Test IQ, przed pisaniem postów powiadasz? W takim razie mam rozumieć, że siebie też w tym uwzgledniasz? Od twoich referatów aż się tutaj roi więc...
Dlaczego miałabym przestać narzekać? Toż to część wyrażania siebie. A wyrażamy siebie poprzez pisanie postów. A dzięki postom funkcjonuje ten serwis. Gdyby nie ten serwis, nie miałbyś gdzie pisać swoich marnych wypocin. I co wtedy? Jak wyglądałaby twoja egzystencja? Przecież tylko siedzenie tutaj i codzienne plucie jadem jakoś ci to życie koloryzuje. A więc, jesteśmy w punkcie wyjścia. Bez mojego narzekania nie miałbyś nic do roboty.
Nie, tylko ciebie, więc idź stąd.
Jakim jadem? Grzecznie powtarzam: idź stąd, jeśli nie interesują cię moje posty. Nie odwracaj kota ogonem, nie pozuj na ofiarę i nie zasłaniaj się demokracją i wolnością słowa, bo one nie przyzwalają na obrażanie i gadanie wszystkiego, co ślina na język przyniesie. Dlatego szanujmy się i idź stąd w końcu, bo tracisz tu czas:)
A Ty skończ swoje bzdurne przemyślenia dla dobra nas wszystkich i siebie samego, bo chyba zaczynasz się w tym zatracać. IDŹ STĄD! NIKT CIĘ TU NIE CHCE I NIKT NIE MA ZAMIARU PRZYZNAWAĆ CI RACJI. Skoro aż tak bardzo nienawidzisz tych filmów, po co czytasz wszystko na ich temat, po co komentujesz i wchodzisz na ich fora?? Jesteś masochistą, albo człowiekiem chorym psychicznie. Wynocha stąd.

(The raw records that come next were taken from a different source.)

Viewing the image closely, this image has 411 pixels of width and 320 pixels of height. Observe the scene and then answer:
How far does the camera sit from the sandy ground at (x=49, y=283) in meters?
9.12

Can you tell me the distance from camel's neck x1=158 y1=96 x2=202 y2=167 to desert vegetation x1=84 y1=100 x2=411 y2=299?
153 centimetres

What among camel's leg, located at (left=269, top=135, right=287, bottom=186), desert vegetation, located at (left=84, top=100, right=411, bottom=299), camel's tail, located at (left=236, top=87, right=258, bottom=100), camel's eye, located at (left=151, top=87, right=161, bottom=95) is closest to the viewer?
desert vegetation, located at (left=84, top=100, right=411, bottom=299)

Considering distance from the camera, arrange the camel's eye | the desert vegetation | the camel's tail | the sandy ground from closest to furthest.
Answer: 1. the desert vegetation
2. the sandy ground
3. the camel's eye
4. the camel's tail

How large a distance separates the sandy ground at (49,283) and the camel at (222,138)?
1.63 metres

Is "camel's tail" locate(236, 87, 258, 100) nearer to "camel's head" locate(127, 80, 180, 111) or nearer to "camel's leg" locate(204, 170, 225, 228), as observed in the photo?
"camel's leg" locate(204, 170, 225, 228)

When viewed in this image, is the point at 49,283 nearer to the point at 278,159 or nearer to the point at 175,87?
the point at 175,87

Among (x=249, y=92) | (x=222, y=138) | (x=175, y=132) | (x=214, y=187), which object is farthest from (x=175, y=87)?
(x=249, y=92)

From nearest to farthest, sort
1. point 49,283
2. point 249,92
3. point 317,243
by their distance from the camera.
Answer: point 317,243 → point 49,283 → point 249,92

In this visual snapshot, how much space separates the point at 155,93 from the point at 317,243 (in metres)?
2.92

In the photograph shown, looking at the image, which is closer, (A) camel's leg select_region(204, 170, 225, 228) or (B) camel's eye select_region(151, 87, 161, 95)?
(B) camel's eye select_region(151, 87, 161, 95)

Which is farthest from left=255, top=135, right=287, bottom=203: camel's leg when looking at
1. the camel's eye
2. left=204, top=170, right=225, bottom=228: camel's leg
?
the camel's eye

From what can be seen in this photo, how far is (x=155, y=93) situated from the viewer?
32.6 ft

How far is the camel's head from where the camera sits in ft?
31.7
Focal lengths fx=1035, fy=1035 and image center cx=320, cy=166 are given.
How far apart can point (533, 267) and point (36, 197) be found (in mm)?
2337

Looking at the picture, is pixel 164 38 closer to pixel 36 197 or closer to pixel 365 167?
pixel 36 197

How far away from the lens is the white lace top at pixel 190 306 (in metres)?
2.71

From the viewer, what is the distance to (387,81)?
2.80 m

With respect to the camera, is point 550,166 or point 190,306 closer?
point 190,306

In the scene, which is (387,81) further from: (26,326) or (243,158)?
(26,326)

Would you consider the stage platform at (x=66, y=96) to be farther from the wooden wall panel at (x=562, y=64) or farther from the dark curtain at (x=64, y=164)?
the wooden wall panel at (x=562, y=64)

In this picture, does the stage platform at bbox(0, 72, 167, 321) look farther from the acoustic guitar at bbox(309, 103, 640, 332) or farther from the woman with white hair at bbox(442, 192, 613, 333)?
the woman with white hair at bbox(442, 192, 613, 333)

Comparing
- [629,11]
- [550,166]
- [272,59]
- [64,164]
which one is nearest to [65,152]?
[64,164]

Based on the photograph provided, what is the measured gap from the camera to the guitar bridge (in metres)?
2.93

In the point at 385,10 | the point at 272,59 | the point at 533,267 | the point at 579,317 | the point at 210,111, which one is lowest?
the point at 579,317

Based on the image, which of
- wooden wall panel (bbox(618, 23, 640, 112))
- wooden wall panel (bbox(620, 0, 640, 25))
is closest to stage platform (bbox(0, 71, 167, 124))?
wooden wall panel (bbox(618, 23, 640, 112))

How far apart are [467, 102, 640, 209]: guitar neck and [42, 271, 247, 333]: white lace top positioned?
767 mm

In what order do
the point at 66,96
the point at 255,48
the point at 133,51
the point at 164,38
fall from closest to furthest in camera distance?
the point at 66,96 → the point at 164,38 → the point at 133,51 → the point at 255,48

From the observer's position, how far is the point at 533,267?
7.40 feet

Dokładnie, każdy film marvela hejtujesz to i każdy hejtuje Ciebie. Marvel to rozrywka i ja to tak traktuje i świetnie się bawie a to że szukasz jakiegoś głębszego sensu to oznaka że jesteś idiotą i nie rozumiesz prostego przekazu.

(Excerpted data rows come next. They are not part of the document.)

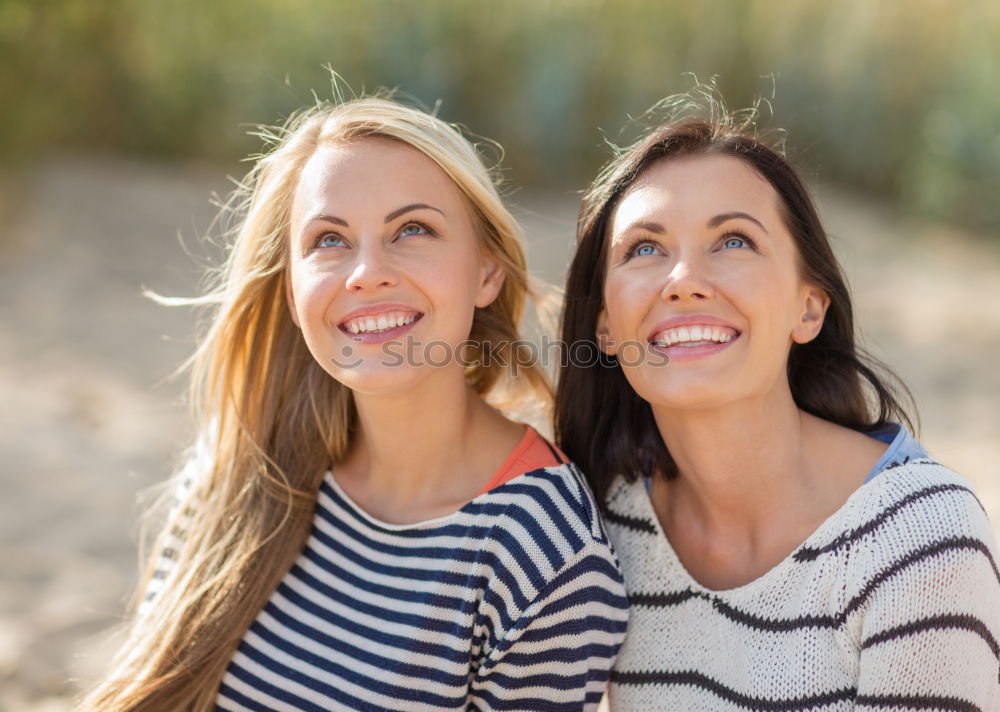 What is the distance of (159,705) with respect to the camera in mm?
2160

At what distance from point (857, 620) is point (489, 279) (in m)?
1.01

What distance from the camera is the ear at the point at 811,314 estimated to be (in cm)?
209

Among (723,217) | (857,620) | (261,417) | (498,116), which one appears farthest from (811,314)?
(498,116)

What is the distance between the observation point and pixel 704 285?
192 cm

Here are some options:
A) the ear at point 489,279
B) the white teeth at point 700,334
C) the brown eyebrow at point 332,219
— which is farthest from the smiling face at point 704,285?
the brown eyebrow at point 332,219

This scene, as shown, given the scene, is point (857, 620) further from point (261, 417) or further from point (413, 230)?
point (261, 417)

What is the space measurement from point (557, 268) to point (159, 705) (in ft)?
16.2

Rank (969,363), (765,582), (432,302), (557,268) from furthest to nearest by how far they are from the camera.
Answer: (557,268) → (969,363) → (432,302) → (765,582)

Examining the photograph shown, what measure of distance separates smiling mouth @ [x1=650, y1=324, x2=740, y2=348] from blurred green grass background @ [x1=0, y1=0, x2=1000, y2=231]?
6.54 meters

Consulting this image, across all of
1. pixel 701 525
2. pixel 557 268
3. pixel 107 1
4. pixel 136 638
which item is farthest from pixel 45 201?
pixel 701 525

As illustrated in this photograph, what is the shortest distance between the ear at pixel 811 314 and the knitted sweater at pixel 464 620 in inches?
20.8

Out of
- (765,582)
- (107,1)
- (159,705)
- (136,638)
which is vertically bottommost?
(159,705)

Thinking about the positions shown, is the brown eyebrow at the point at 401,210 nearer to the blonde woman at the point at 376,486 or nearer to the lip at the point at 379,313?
the blonde woman at the point at 376,486

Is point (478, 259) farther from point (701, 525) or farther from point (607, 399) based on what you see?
point (701, 525)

A kto powiedział,że szukam głębszego sensu? Dlaczego tak wielu z was broni w ten sposób blockbustery? Przecież to najbardziej prostacka linia obrony, która ujmuje samemu filmowi. I gdzie ja niby coś hejtuję? Wyrażam obawy co do przyszłości MCU. Jak się coś nie podoba, nikt nie każe ci tego czytać. Nie zgadzasz się - polemizuj, gardzisz tym - ignoruj
Bo blockbustery to czysta rozrywka dla której liczy się tylko zarabianie kasy.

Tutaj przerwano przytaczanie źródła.